[Data extract]:
=== Section Start ===

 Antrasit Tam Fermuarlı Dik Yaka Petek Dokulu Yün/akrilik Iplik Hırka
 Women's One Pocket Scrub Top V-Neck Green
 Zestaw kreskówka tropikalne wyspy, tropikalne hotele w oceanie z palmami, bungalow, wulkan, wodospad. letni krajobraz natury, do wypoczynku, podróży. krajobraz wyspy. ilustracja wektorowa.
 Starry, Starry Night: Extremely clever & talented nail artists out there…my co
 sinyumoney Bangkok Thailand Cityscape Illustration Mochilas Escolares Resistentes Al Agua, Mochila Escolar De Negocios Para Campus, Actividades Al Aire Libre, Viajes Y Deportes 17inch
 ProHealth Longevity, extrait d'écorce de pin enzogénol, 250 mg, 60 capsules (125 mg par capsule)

=== Section End ===
=== Section Start ===

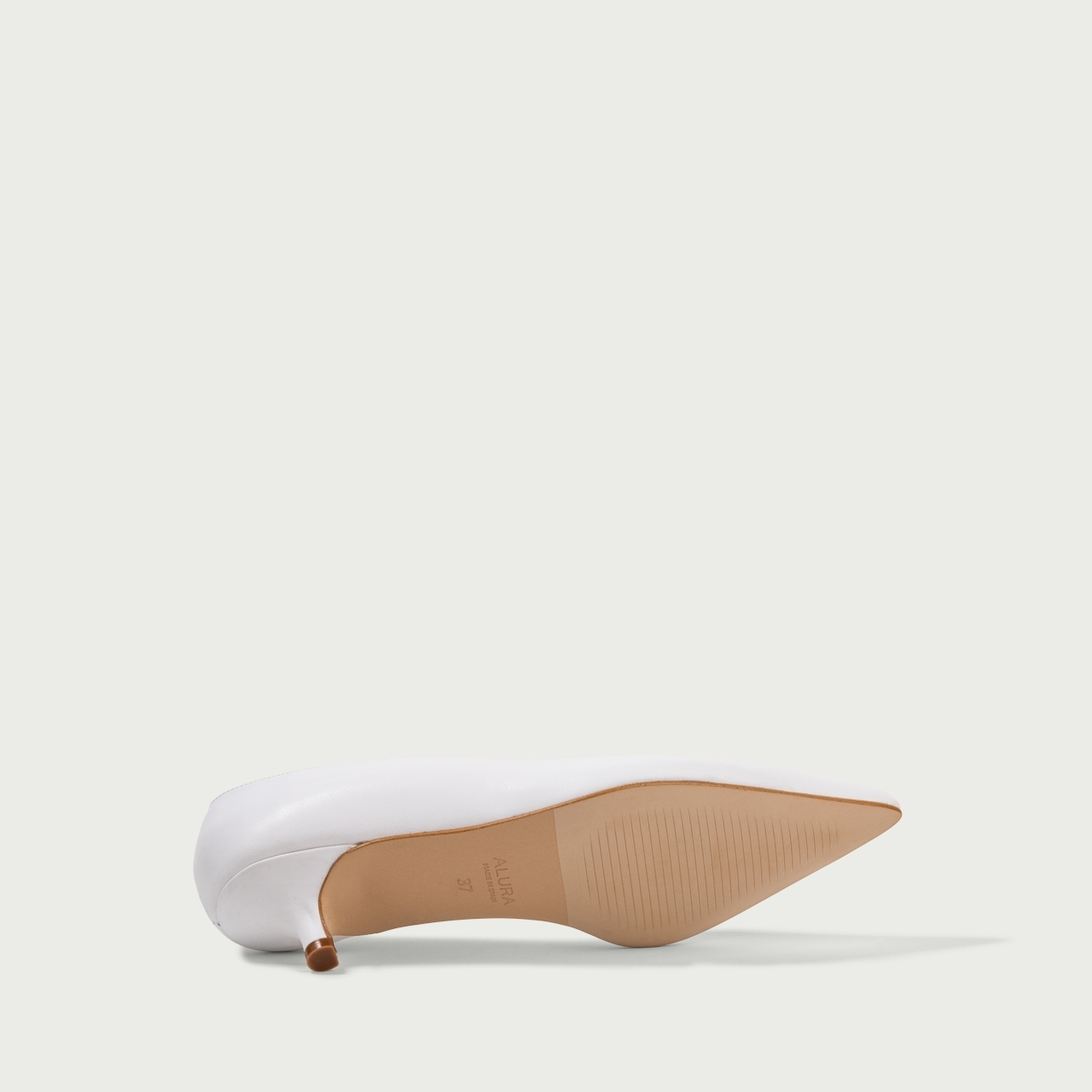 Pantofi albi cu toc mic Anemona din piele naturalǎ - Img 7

=== Section End ===
=== Section Start ===

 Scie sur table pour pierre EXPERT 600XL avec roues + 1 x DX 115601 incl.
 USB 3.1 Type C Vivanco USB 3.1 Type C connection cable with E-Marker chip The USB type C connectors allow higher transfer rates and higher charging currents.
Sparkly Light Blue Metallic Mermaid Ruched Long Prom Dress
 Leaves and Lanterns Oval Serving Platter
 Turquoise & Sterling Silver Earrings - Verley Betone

=== Section End ===

Restate word for word the entries above from the line with "Leaves and Lanterns Oval Serving Platter" through the line with "Turquoise & Sterling", inclusive, leaving out everything else.

 Leaves and Lanterns Oval Serving Platter
 Turquoise & Sterling Silver Earrings - Verley Betone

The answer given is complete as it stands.